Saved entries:
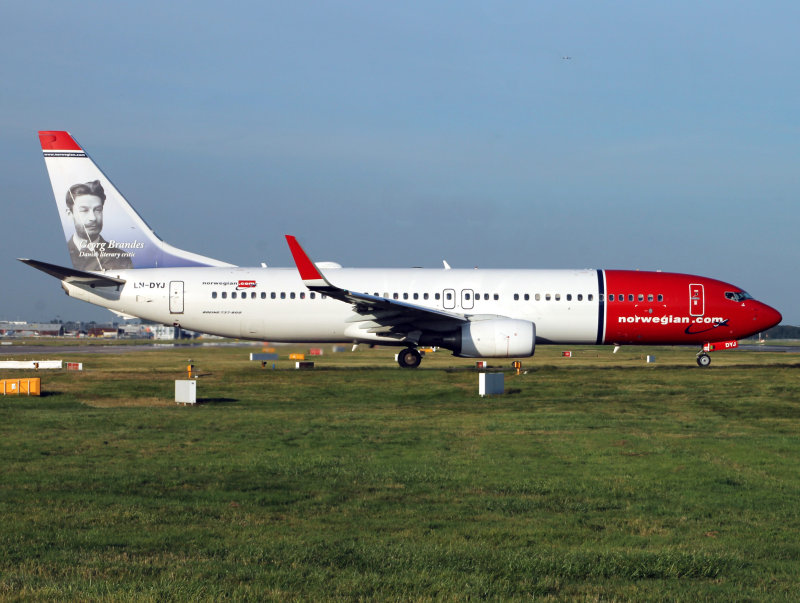 B737-800  LN-DYJ 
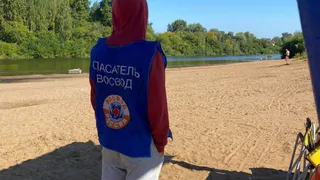 Спасатели закончили дежурства на пляже в Глазове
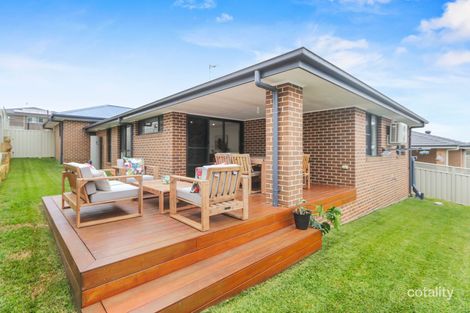 Property photo of 16 Sirocco Drive Wadalba NSW 2259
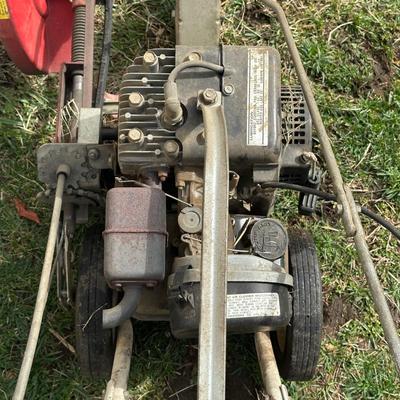 LOT 2: Little Wonder Deluxe Petrol Edge Trimmer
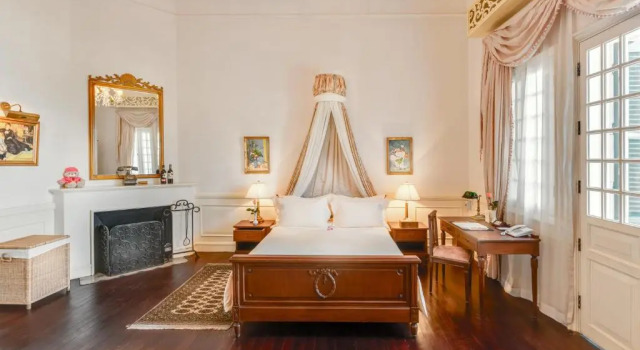 Двухместный клубный номер Standard Dalat Palace Heritage Hotel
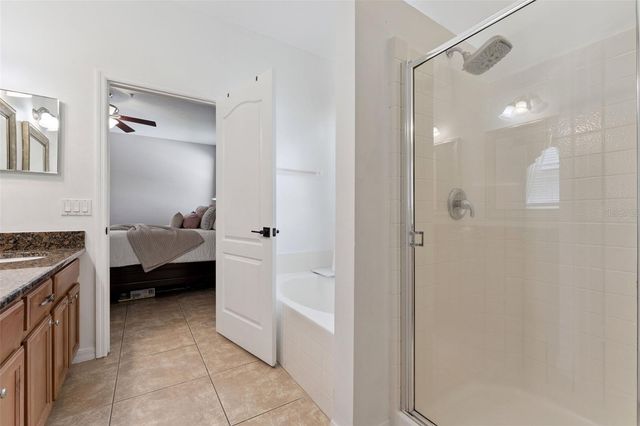 10484 EASTPARK LAKE DRIVE, Orlando, FL 32832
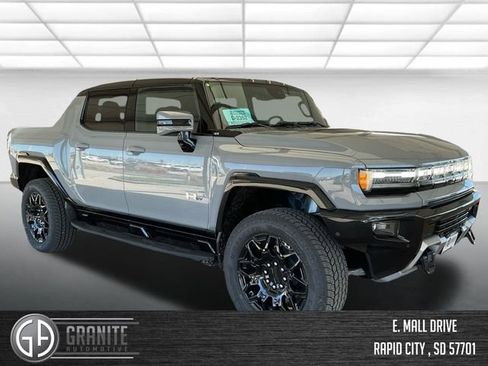 Used 2025 GMC Hummer EV 2X w/ LPO, Illumination Package image 3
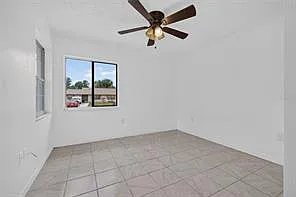 658 Royalty Ct — Photo 15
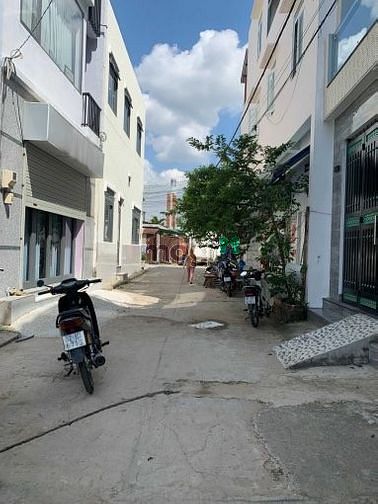 Hình ảnh Bán lô đất 75m2( 5x15m) vuông vắn, hẻm xe tải đường 100A.
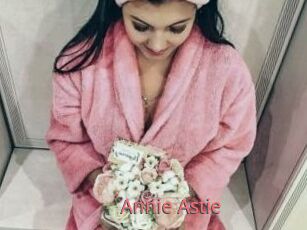 Annie_Astie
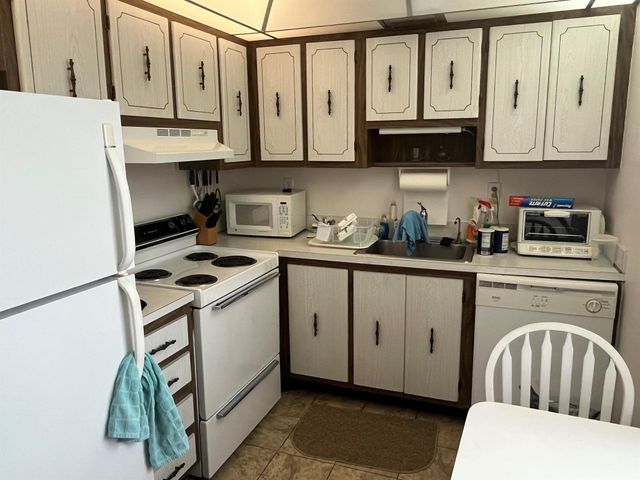 699 Flanders O, Delray Beach, FL 33484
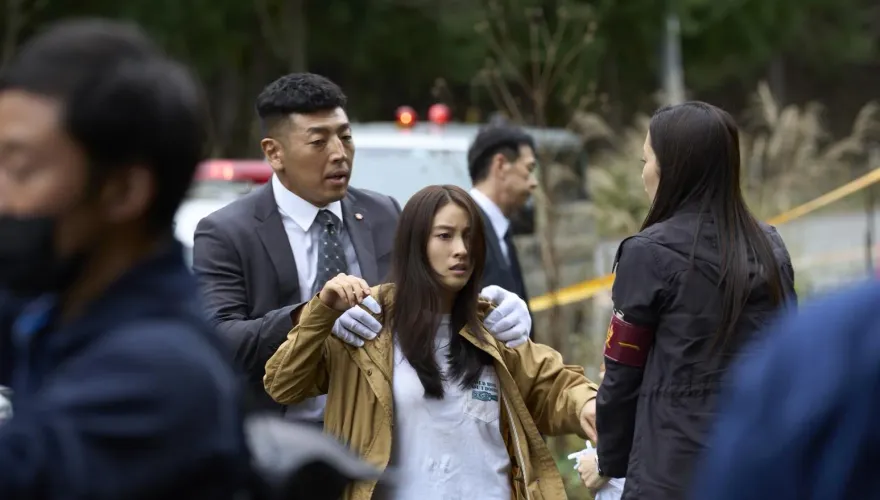 網路交友出問題！土屋太鳳捲連環殺人案又遭跟蹤狂糾纏　慘到懷疑人生崩潰痛哭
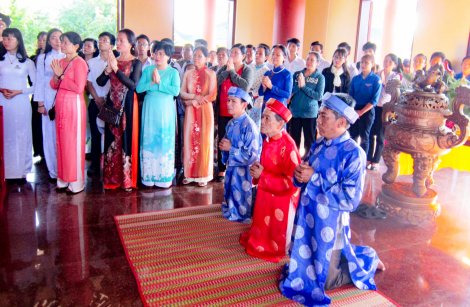 Tiếp tục duy trì, phát huy truyền thống,

nế​p văn minh tại lễ giỗ lần thứ 146

của Thủ khoa Bùi Hữu Nghĩa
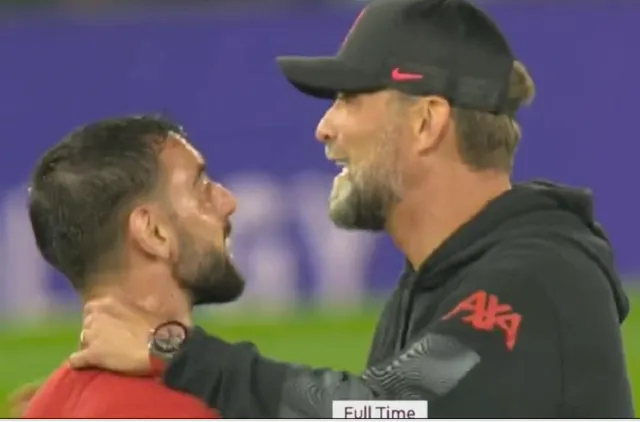 HLV Klopp túm cổ Bruno Fernandes sau trận thua - Bóng Đá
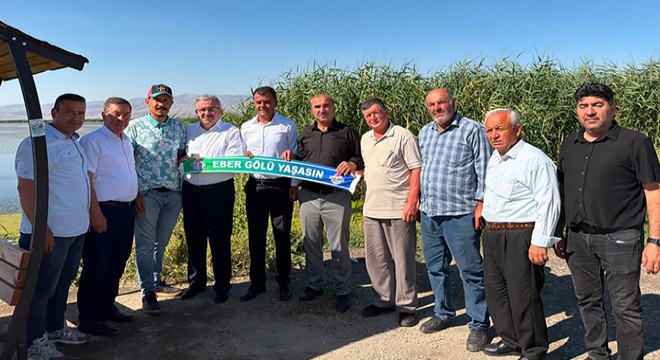 Eber Gölü'ne arıtma tesisi ve gözlem evi talebi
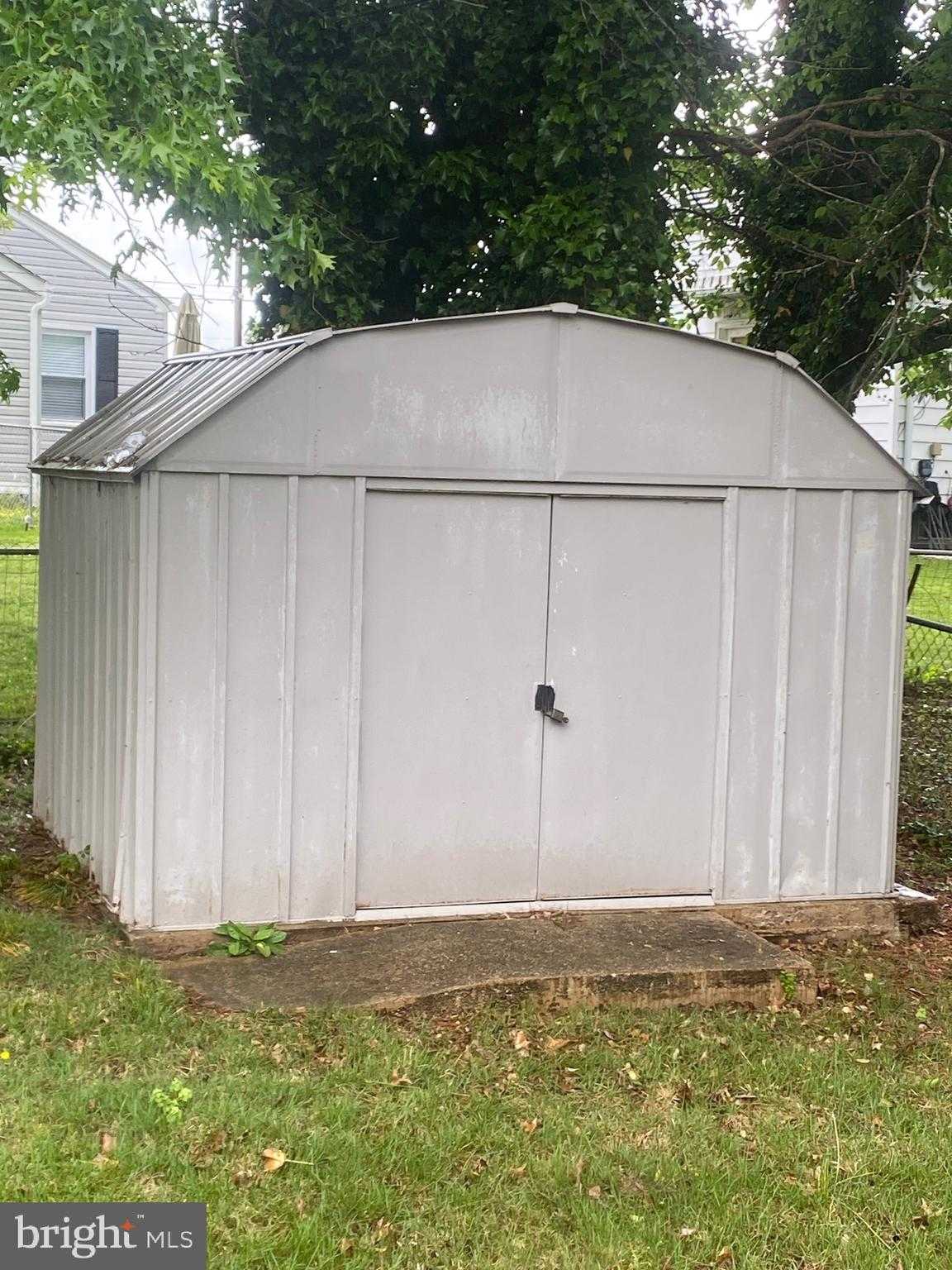 33 Delta Pl photo 13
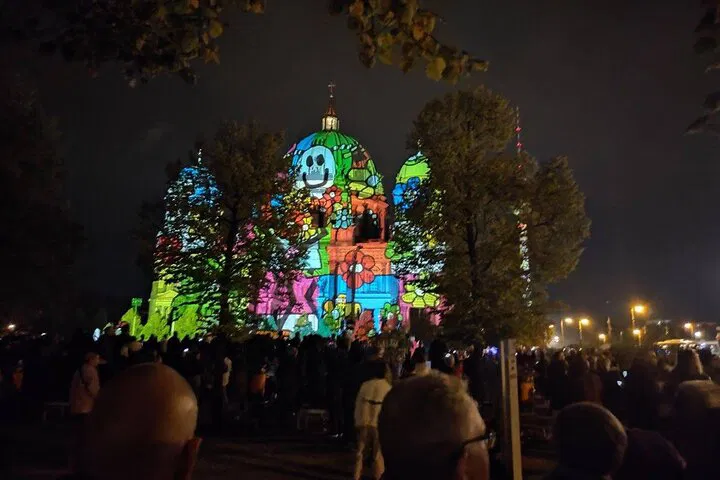 Berlin Lights Tour: See the City Sparkle!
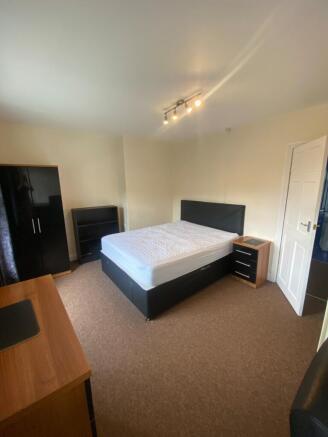 2 bed Terraced to rent Image 6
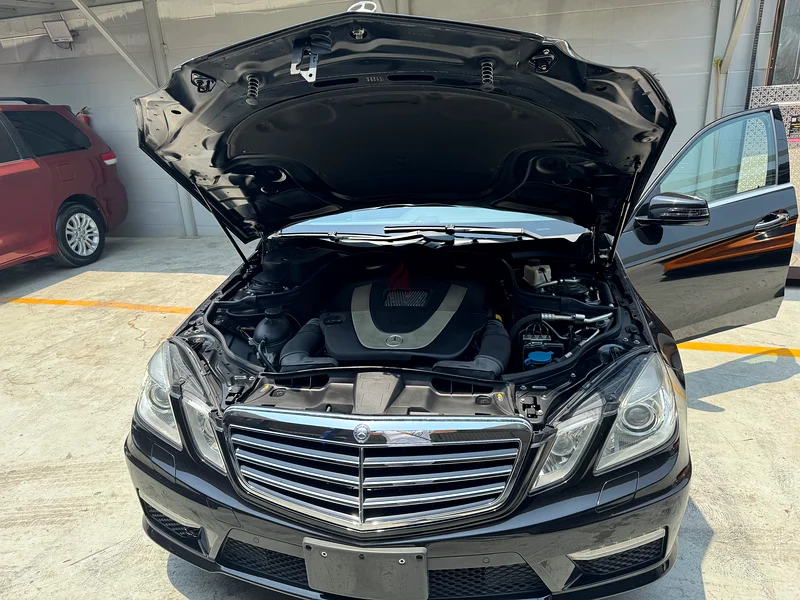 Mercedes Benz e350 with e63 kit avantgrade63699043900802113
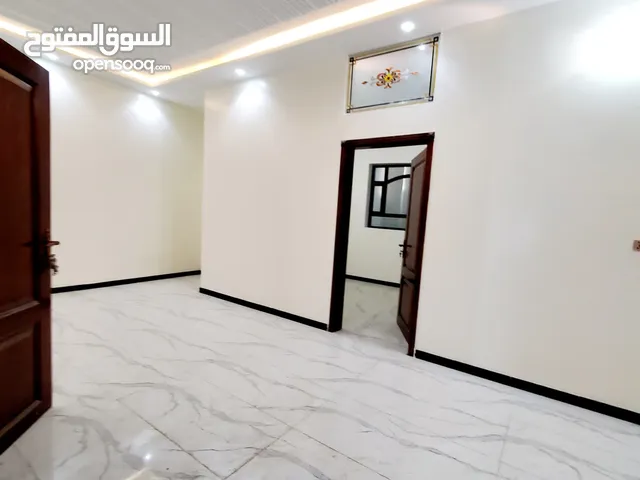 200 m2 5 Bedrooms Apartments for Sale in Sana'a Bayt Baws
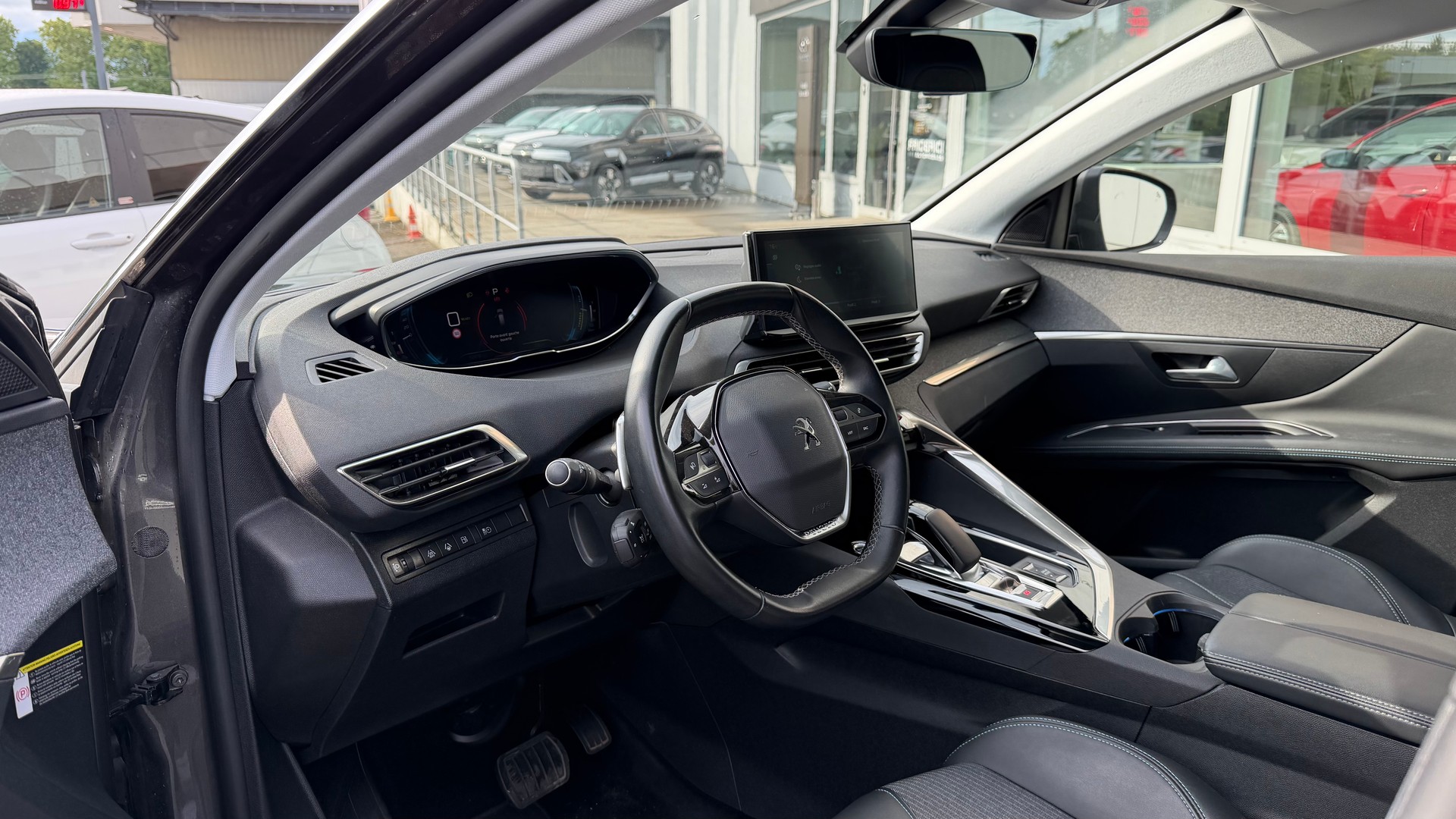 PEUGEOT 3008 225e Hybrid2 Allure Pack EAT8-image-6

EXERCISE GOAL:
All pictures are to be dropped, and the records above returned exactly.

ANSWER FOR THE TASK:
 B737-800  LN-DYJ 
 Спасатели закончили дежурства на пляже в Глазове
 Property photo of 16 Sirocco Drive Wadalba NSW 2259
 LOT 2: Little Wonder Deluxe Petrol Edge Trimmer
 Двухместный клубный номер Standard Dalat Palace Heritage Hotel
 10484 EASTPARK LAKE DRIVE, Orlando, FL 32832
 Used 2025 GMC Hummer EV 2X w/ LPO, Illumination Package image 3
 658 Royalty Ct — Photo 15
 Hình ảnh Bán lô đất 75m2( 5x15m) vuông vắn, hẻm xe tải đường 100A.
 Annie_Astie
 699 Flanders O, Delray Beach, FL 33484
 網路交友出問題！土屋太鳳捲連環殺人案又遭跟蹤狂糾纏　慘到懷疑人生崩潰痛哭
 Tiếp tục duy trì, phát huy truyền thống,

nế​p văn minh tại lễ giỗ lần thứ 146

của Thủ khoa Bùi Hữu Nghĩa
 HLV Klopp túm cổ Bruno Fernandes sau trận thua - Bóng Đá
 Eber Gölü'ne arıtma tesisi ve gözlem evi talebi
 33 Delta Pl photo 13
 Berlin Lights Tour: See the City Sparkle!
 2 bed Terraced to rent Image 6
 Mercedes Benz e350 with e63 kit avantgrade63699043900802113
 200 m2 5 Bedrooms Apartments for Sale in Sana'a Bayt Baws
 PEUGEOT 3008 225e Hybrid2 Allure Pack EAT8-image-6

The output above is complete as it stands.